DL course 1 in week 2
I think it’s the other way around: we compute the derivatives of the cost w.r.t. the parameters, because we need those gradients in order to implement backward propagation. The gradients are partial derivatives. Backward propagation is how the learning takes place, which makes all this possible.
And if I may add to @paulinpaloalto’s explanation, at the heart of things, backward propagation is essentially the Chain Rule of Calculus for computing derivatives. The “backward propagation” term obfuscates that basic point. It stands in opposition to the “forward propagation” terminology, which is necessary to compute the values to evaluate the chain rule derivative, if you will.
Thank you a lot
So the different between forward and backward is the path of the derivatives (left to right or right to left ) ? and when we choose forward or backaward - propagation?

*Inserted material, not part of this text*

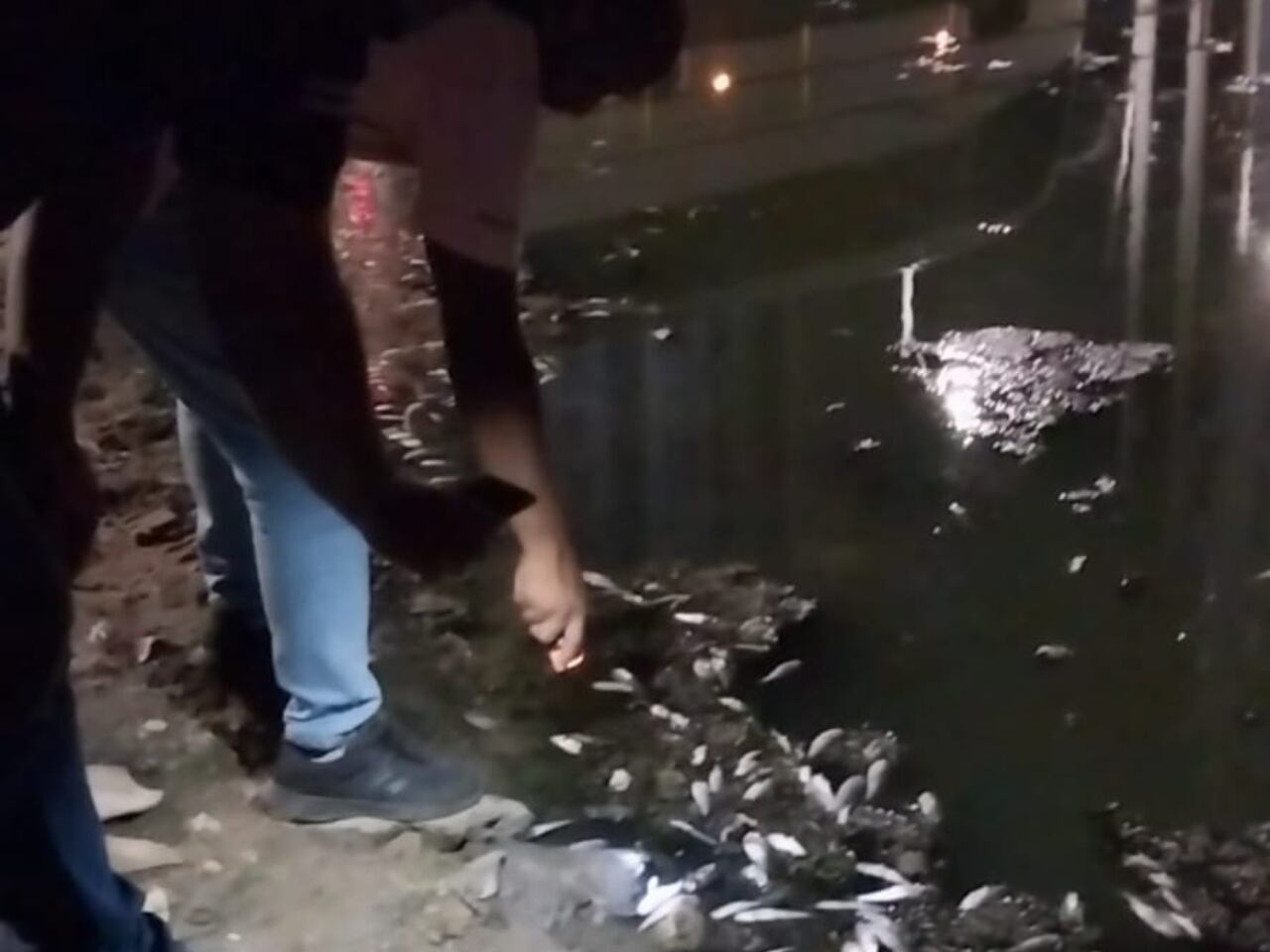 EPA Cartagena verifica mortandad de peces en Cartagena | Foto: Alcaldía de Cartagena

We don’t “choose forward or backward”, right? The two directions have fundamentally different purposes and we need both. Forward propagation is the operation of the model: it takes inputs and then uses its parameters to make a prediction based on that input (e.g. “there is a cat in this picture” or not). There are no derivatives involved in forward propagation: it is just applying functions in layers one after the other. Then the purpose of backward propagation is to train the model to give a better prediction. It does that by using the derivatives of the cost to “point” the parameter values in the direction of a better (lower cost) solution.